Es regnet. Am Weg raus aus Lübeck sprechen mich zwei ältere Damen an, die auch mit dem Rad unterwegs sind. Irgendwie schaffen wir es gemeinsam aus der Stadt, der Weg wird sofort angenehmer und die Sonne kommt raus. Nach einer ausgiebigen Pause setze ich in Travemünde mit der Fähre nach Priwall über. Ich radle gemütlich vor mich hin, rechts riecht es nach Weizen, links nach Meer. Die zweite Etappe von Zierow über Rerik nach Wendelstorf ist fast geschafft. Der Weg bis Rostock ist wenig spannend. Warnemünde gefällt mir gar nicht und ist total überlaufen. Der Hintern tut irre weh. 170 Kilometer hat er bereits durchgehalten, jetzt will er eine Pause.

Ein Pausentag hat gutgetan. Rostock ist ein feines Städtchen. Es geht weiter auf den Darß. Rückenwind kann jeder. Von 54 Kilometern Strecke waren 34 Kilometer mit Gegenwind. Wegen der Wettervorhersage buche ich ein Zimmer, es soll die nächsten Tage Gewitter geben. Doch ich habe Glück, mir sind ein paar Tage am Strand vergönnt, Sonne statt Gewitter. Was für ein wunderschöner, kilometerlanger, einsamer Strand.

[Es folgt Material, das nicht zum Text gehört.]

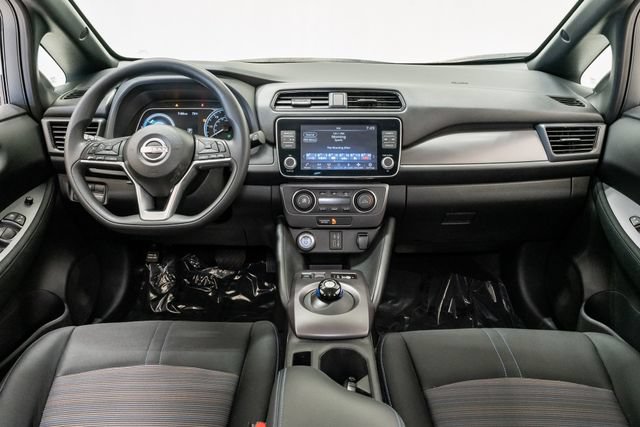 Used 2025 Nissan Leaf S FWD image 31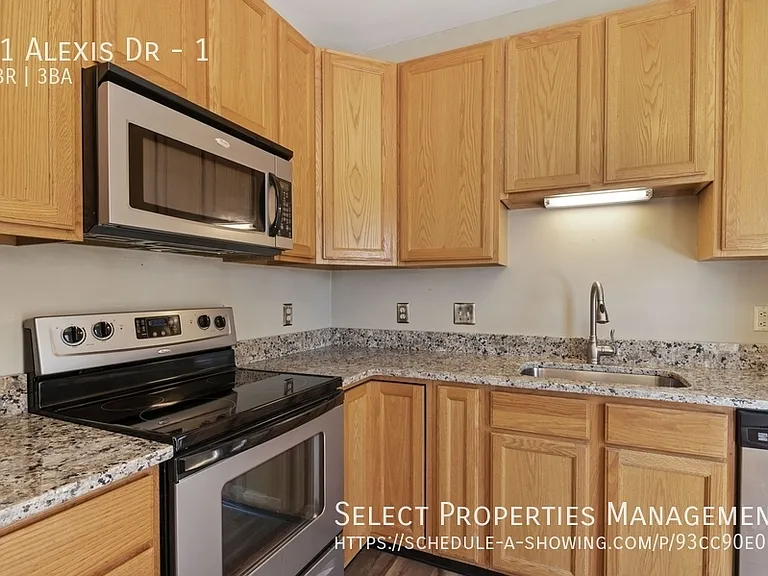 11 Alexis Dr #1 — Photo 4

Die letzte Etappe steht an. Es geht zirka 15 Kilometer durch den Wald. Ich komme mir vor wie auf einem MTB-Trail. Endlich raus aus dem Wald begrüßt mich der Gegenwind. Eine Weile später dreht der Wind – wunderbar. Ich allerdings muss auch umdrehen, ich habe die Abzweigung verpasst und muss zurück. In Stralsund treffe ich Kitty und Uschi, die zwei Radfahrerinnen aus Lübeck wieder. Sie haben sich immer wieder bei mir erkundigt, wie es mir geht, und ein bisschen auf mich aufgepasst. Nachdem wir uns verabschiedet haben – Endspurt. Ich trete voll in die Pedale. Mir kommt vor, ich stehe, so stark weht der Wind. Voll Adrenalin komme ich fix und fertig nach 80 Kilometern gegen den Wind an und habe einen Riesengrinser im Gesicht. Bevor es weitergeht, mache ich noch einen Tag Pause in Stralsund. Zum Glück bin ich am Vortag angekommen. Der Wind ist jetzt so stark, es wäre unmöglich gewesen zu radeln. Von den Backsteinbauten habe ich genug gesehen. Ab in den Zug und nach Hannover zu Freunden. Dort hat es 38 Grad. Wir radeln 40 Kilometer durch die Stadt bis wir uns total verschwitzt in einer Kneipe am Wasser niederlassen und uns die Getränke fast schon zur Abkühlung ins Gesicht schütten.

Am nächsten Tag geht es wieder mit dem Zug nach Wien. Beim Aus-dem-Fensterschauen lächle ich, ich hatte so eine schöne Zeit: am Rad bei 15 bis 38 Grad, von Lübeck bis Stralsund und durch Hannover, von Wien mit dem Zug gen Norden und zurück, von einer Radreiseanfängerin zum Radreisefan – und überlege schon, wohin die nächste Radreise geht.